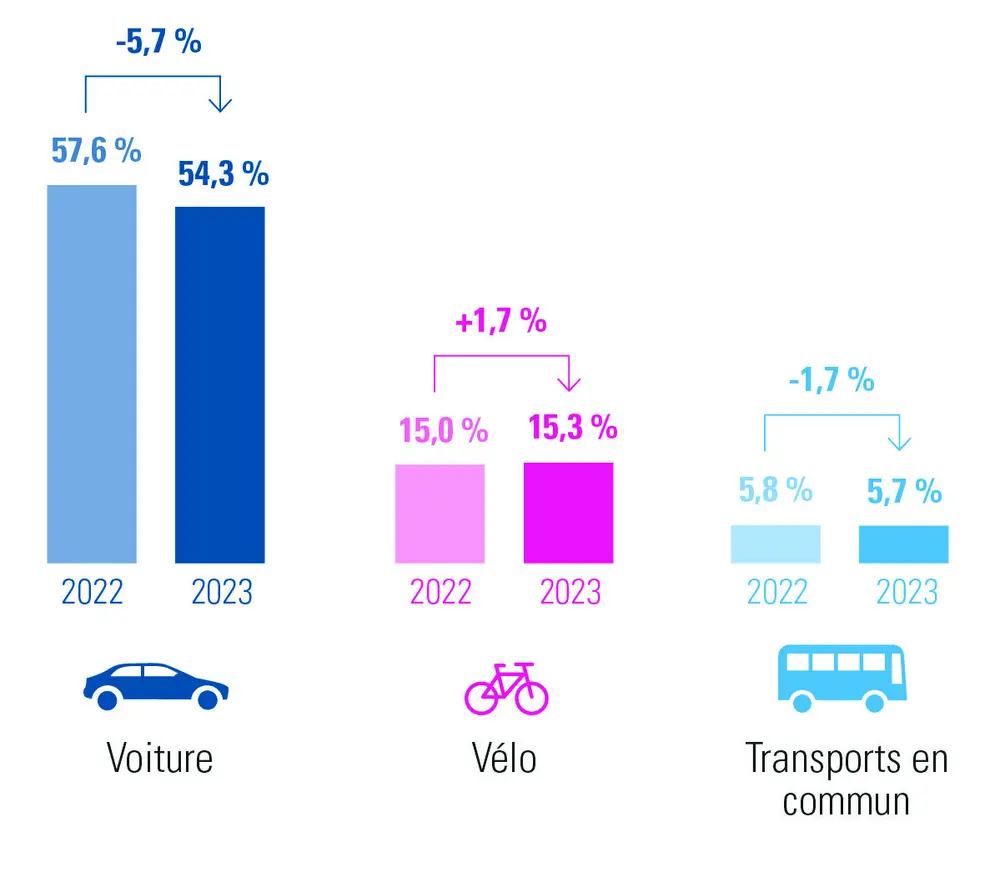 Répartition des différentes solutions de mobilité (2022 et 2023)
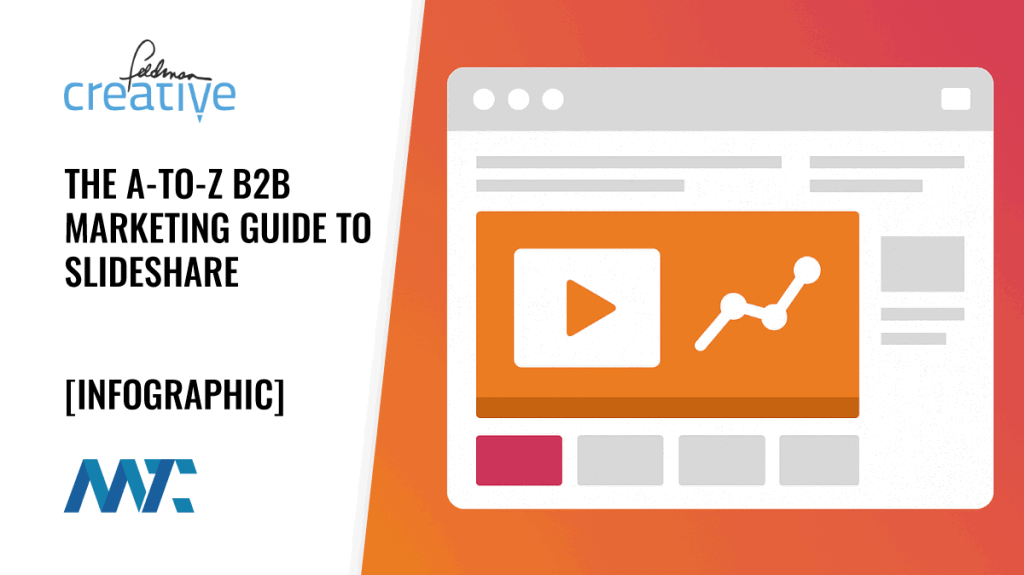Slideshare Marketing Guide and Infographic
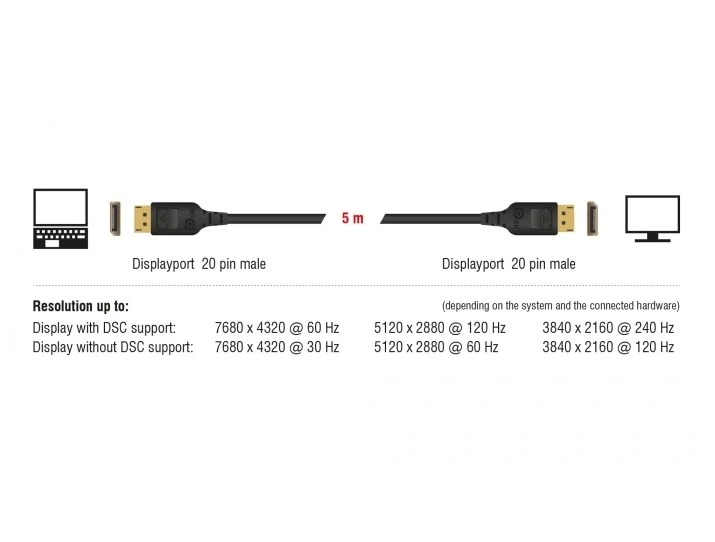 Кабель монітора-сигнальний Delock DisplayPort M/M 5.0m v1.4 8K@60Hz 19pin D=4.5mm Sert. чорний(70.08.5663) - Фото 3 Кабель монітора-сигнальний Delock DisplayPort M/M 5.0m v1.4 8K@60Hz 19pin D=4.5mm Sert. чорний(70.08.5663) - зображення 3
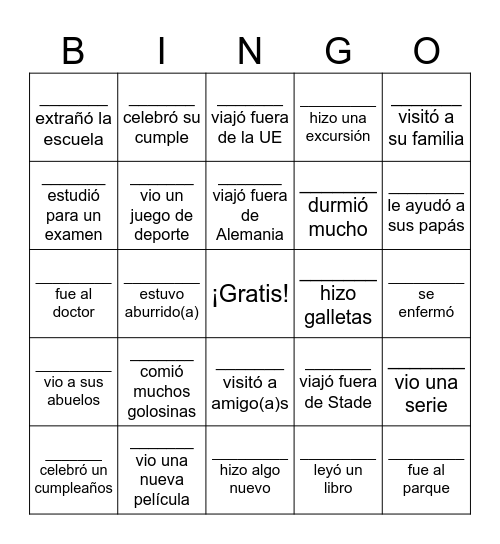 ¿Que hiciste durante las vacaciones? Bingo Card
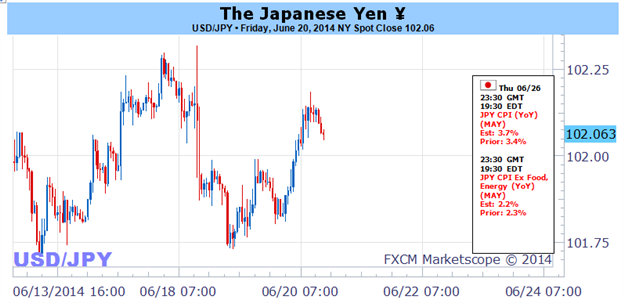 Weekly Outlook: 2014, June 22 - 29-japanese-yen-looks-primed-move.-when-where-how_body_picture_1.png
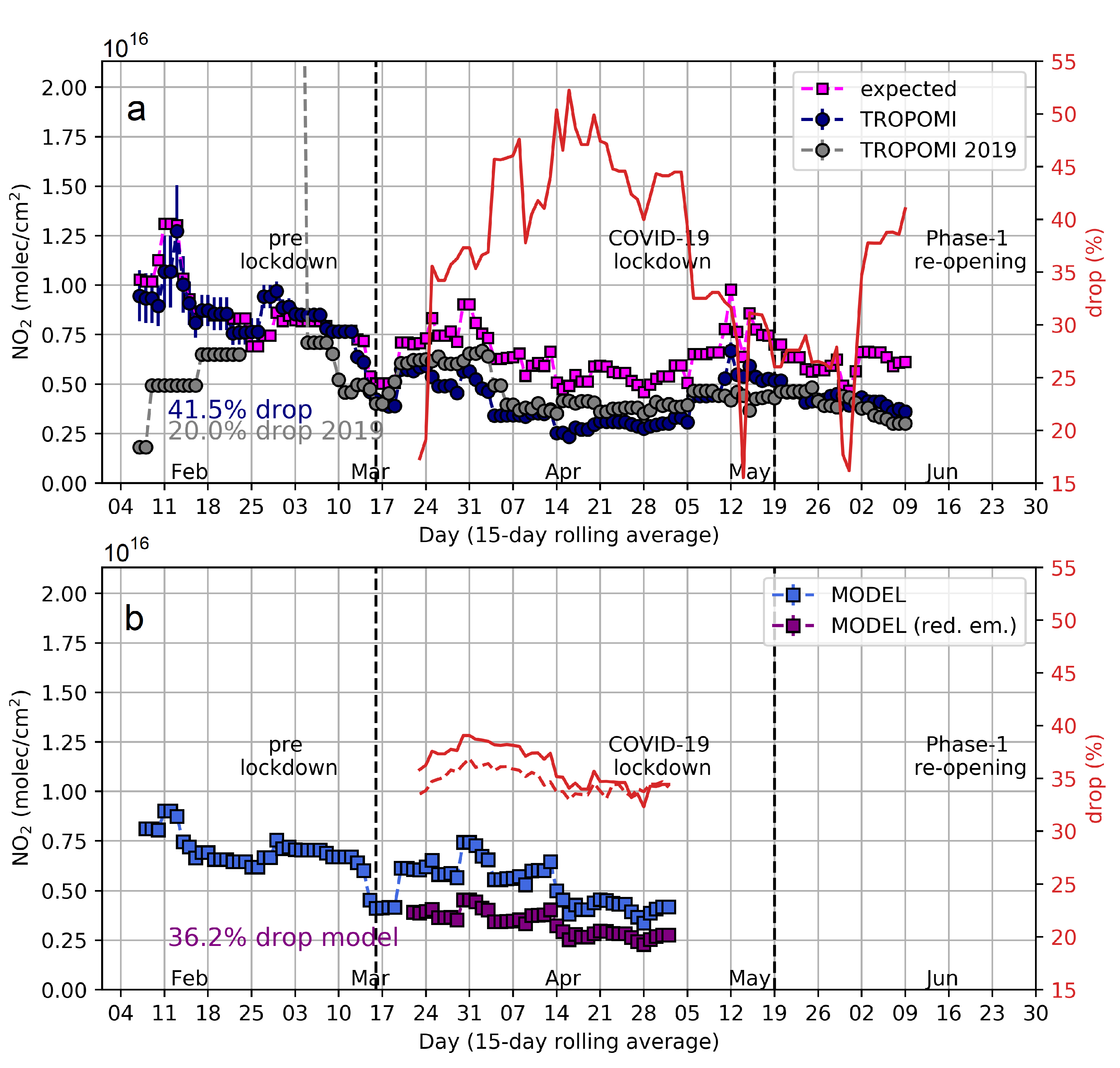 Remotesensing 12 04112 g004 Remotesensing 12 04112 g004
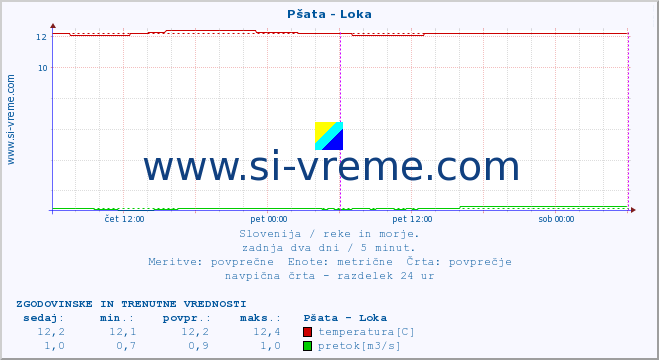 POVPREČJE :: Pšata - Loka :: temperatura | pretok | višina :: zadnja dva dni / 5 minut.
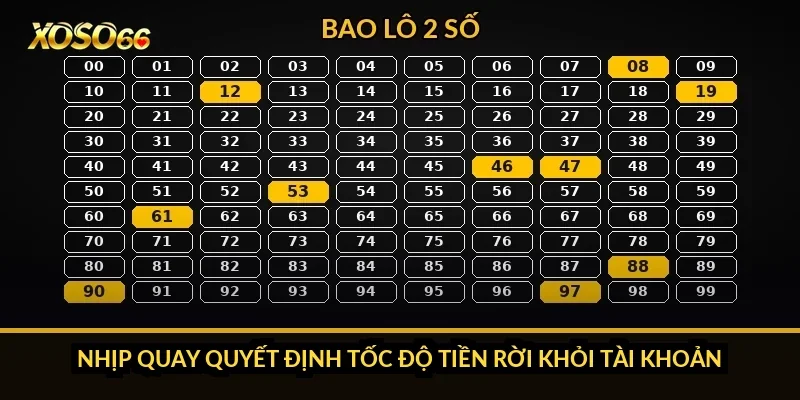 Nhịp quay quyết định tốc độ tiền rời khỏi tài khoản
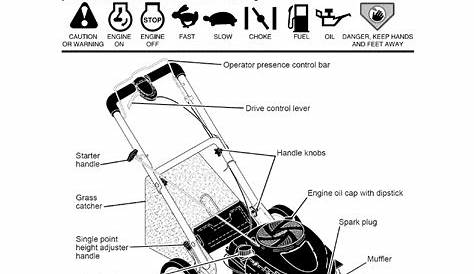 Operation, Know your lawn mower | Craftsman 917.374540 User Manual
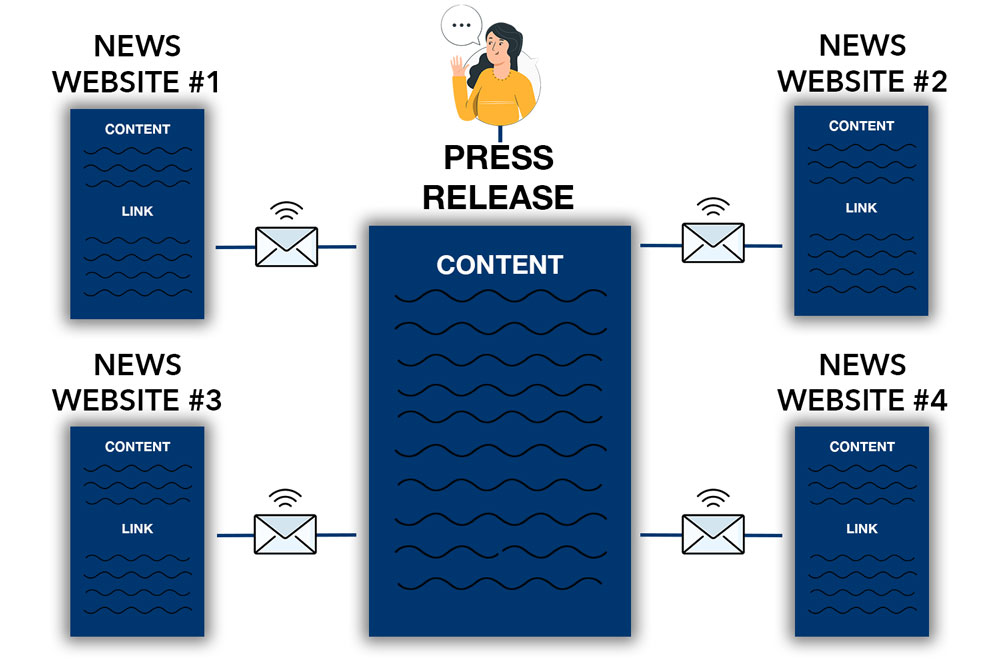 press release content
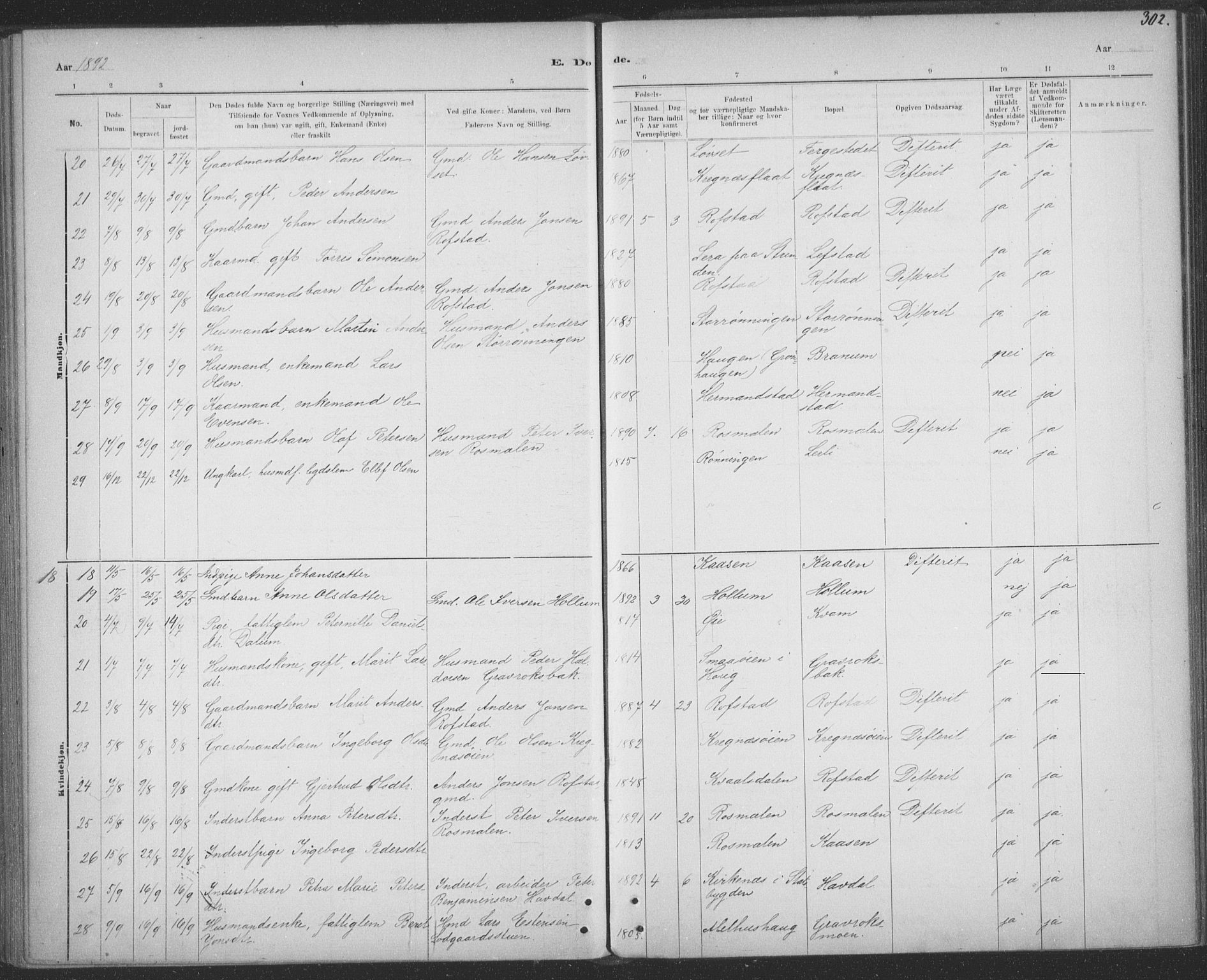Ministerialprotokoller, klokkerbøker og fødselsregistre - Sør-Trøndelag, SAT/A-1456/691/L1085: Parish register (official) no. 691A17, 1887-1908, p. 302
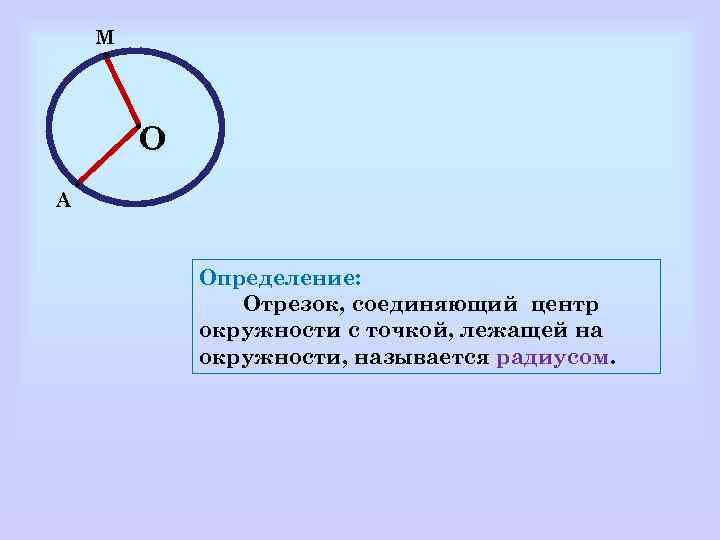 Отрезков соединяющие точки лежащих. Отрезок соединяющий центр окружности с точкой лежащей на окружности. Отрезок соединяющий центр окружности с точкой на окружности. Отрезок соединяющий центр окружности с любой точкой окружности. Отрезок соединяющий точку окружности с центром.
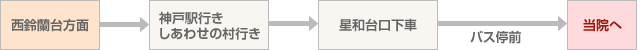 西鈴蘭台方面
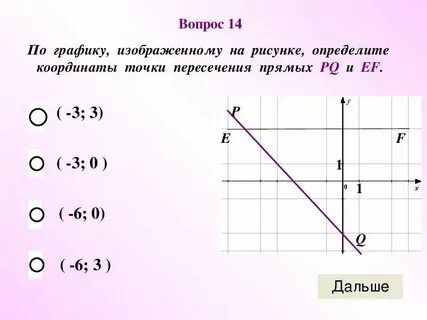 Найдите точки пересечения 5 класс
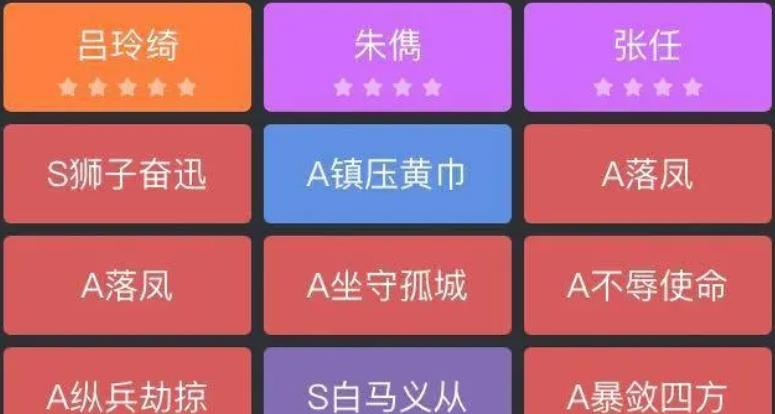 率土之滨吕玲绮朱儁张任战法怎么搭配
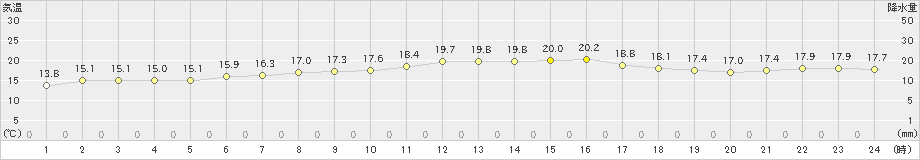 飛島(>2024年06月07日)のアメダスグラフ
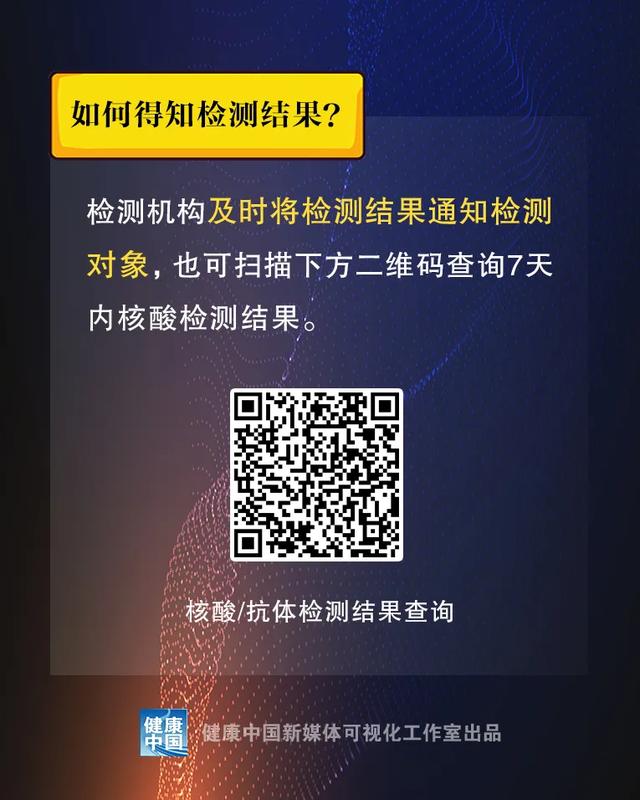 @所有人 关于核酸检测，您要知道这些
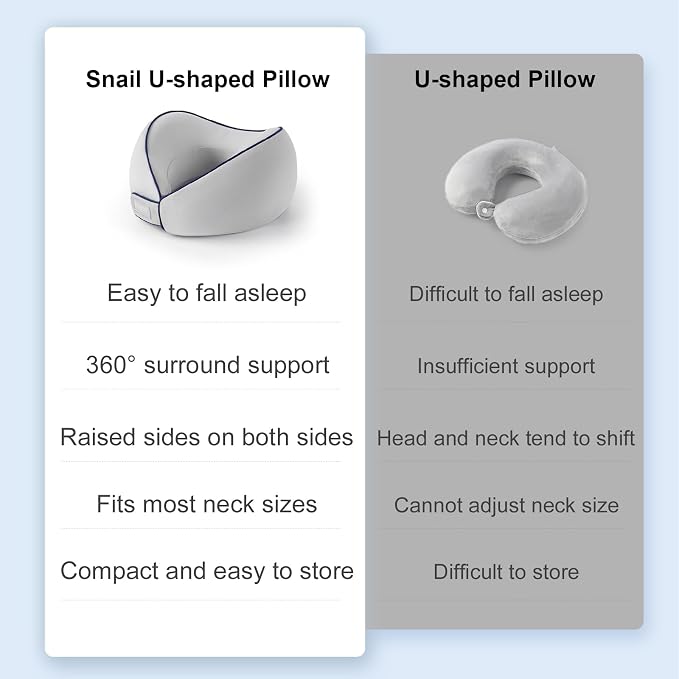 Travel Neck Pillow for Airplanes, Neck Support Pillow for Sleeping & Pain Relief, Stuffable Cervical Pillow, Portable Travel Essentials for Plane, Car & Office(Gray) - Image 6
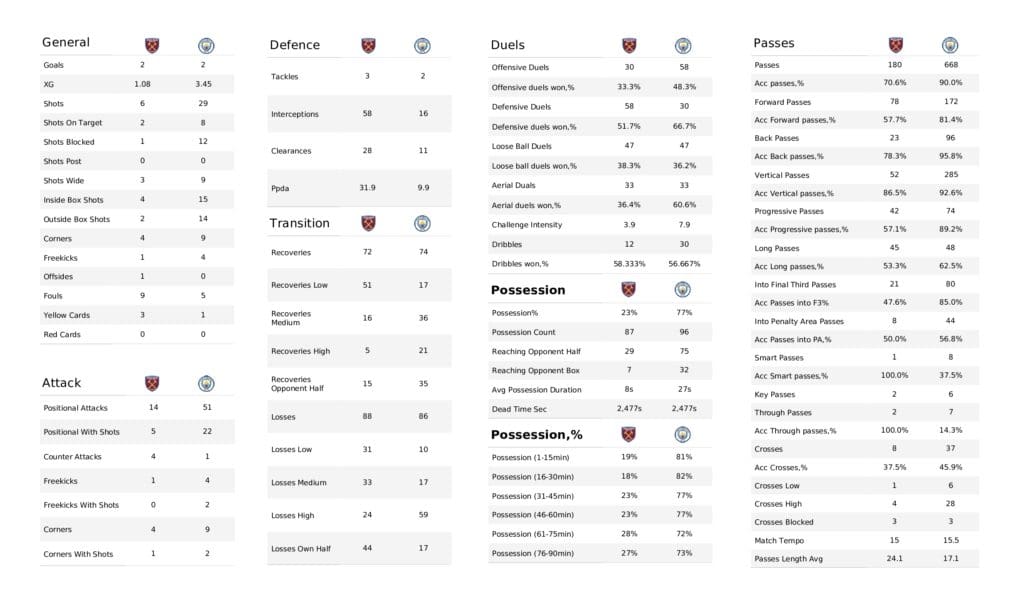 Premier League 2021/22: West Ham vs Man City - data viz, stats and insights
○ ○ ○ ○ ○
Exactly the lines from the line that contains "飛島(>2024年06月07日)のアメダスグラフ" through the last line above, and no other lines, must be output, with pictures excluded.

Reply to the exercise —
 飛島(>2024年06月07日)のアメダスグラフ
 @所有人 关于核酸检测，您要知道这些
 Travel Neck Pillow for Airplanes, Neck Support Pillow for Sleeping & Pain Relief, Stuffable Cervical Pillow, Portable Travel Essentials for Plane, Car & Office(Gray) - Image 6
 Premier League 2021/22: West Ham vs Man City - data viz, stats and insights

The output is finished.